The result of the DREZotomy procedure used for the treatment of chronic intractable neuropathic pain caused by injuries at the T9-L4 spine level in 26 patients has been reported. For the purpose of identifying the most favorable pain pattern for DREZ surgery we retrospectively analyzed the effectiveness of surgical treatment on different forms of pain in the follow-up period of 13-50 months, 37 months on average. All pain forms were classified according to subjective sensory pain expression including the rhythm and topography of the pain. Three groups of pain were formed according to subjective sensory equivalents: pain of thermal quality (burning, boiling, baking, warm etc.), pain of mechanical-nonthermal quality (shooting, cutting, stabbing, sharp, incisive, cramping, constriction, distraction, throbbing etc.). The third group was the combination of the previous two. Success in pain relief has been defined as a 50% or greater reduction in pain after surgery such that pain no longer interferes with patient activities of daily living and sleeping pattern and no longer requires routine analgesic pain medication. Our results revealed that the pain of mechanical-nonthermal nature and intermittent rhythm, confined to segmental topography was the most responsive to the DREZ surgical treatment so that 90% patients suffering from this pain pattern experienced a good long-term pain relief (70% had complete long term pain relief). Neuropathic pain of thermal quality with the diffuse infralesional distribution and steady rhythm was the most resistant to the DREZ surgical treatment: neither patient had long-term relief of this pain pattern. In the group of patients suffering from pain consisting of combined mechanical and thermal sensory components with confined pain territory, 75% experienced a good long-term pain relief (50% had complete long-term pain relief). Immediate pain relief was obtained in 88% of patients and was long lasting in 69% of the total series. Our results pointed to confined territory, intermittent rhythm and mechanical nature of the pain as the most relevant predictors of the expected pain relief achieved by the DREZ surgery.

摘要

已有报告称,对26例因T9 - L4脊柱水平损伤所致慢性顽固性神经性疼痛患者采用脊髓背根入髓区切开术(DREZotomy)进行治疗的结果。
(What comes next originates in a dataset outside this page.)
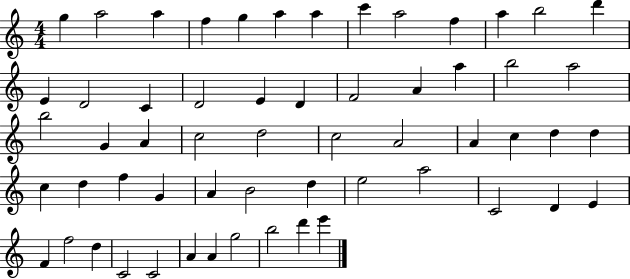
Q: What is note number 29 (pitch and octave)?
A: D5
为确定DREZ手术最有利的疼痛模式,我们回顾性分析了手术治疗在13 - 50个月随访期内对不同疼痛形式的有效性,平均随访期为37个月。所有疼痛形式均根据主观感觉性疼痛表现进行分类,包括疼痛的节律和部位。根据主观感觉等效性形成了三组疼痛:热性质疼痛(灼痛、烫痛、烘烤痛、温热痛等)、机械性非热性质疼痛(刺痛、切割痛、戳痛、锐痛、剧痛、绞痛、紧缩痛、牵拉痛、搏动痛等)。第三组是前两组的组合。疼痛缓解成功的定义为术后疼痛减轻50%或更多,使疼痛不再干扰患者的日常生活活动和睡眠模式,且不再需要常规止痛药物。我们的结果显示,局限于节段性部位、呈间歇性节律的机械性非热性质疼痛对DREZ手术治疗反应最为良好, 90%患有这种疼痛模式的患者获得了良好的长期疼痛缓解(70%实现了长期完全疼痛缓解)。具有弥漫性损伤下分布和稳定节律的热性质神经性疼痛对DREZ手术治疗最具抗性:没有患者实现这种疼痛模式的长期缓解。在患有由机械性和热感觉成分组成且疼痛区域局限的疼痛的患者组中,75%获得了良好的长期疼痛缓解(50%实现了长期完全疼痛缓解)。88%的患者获得了即时疼痛缓解,在整个系列中69%的患者疼痛缓解持久。我们的结果表明,疼痛的局限区域、间歇性节律和机械性质是DREZ手术预期实现疼痛缓解最相关的预测因素。